By Gail MarksJarvis Chicago Tribune
WWR Article Summary (tl;dr) According to an analysis of Census data by the Pew Research Center, adults between 18 and 34 are more likely to live with a parent than to get married or move in with a romantic partner. The tendency to live with parents grew during and after the 2008 Great Recession, as weak pay and job opportunities weighed on young adults.
In a dramatic culture change, living with mom and dad has become the most common arrangement for young adults -- especially men.
Adults between 18 and 34 are more likely to live with a parent than to get married or move in with a romantic partner, according to an analysis of Census data by the Pew Research Center. The researchers note that it's the first time in more than 130 years in which young adults have chosen their parents' homes over living on their own in a relationship.

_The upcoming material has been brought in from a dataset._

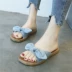 Dép nữ 2018 mùa hè mới Hàn Quốc phiên bản mặc một từ dép dép hoang dã sinh viên bow toe giày bãi biển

In 2014, 32.1 percent of young adults were living with a parent, while 31.6 percent were living in what Pew calls a romantic relationship -- either with a spouse or a partner.
About 35 percent of young men were living in a home with a parent, compared with 29 percent of women in parents' homes. More women tend to live with a spouse or partner -- 35 percent.
Apart from living with parents or a partner, another 14 percent of 18 to 34-year-olds were living alone, heading a household as a single parent, or sharing a residence with roommates. An additional 22 percent lived with other family members, such as grandparents, or were in college dormitories or other group quarters.
The tendency to live with parents grew during and after the 2008 Great Recession, as weak pay and job opportunities weighed on young adults, said Pew. But the researchers say the trend was growing before the recession and a major driver is a retreat from marriage and even a decline in living with a partner without being married. Although living together has been on the rise for young adults for years, the trend has "substantially fallen since 1990."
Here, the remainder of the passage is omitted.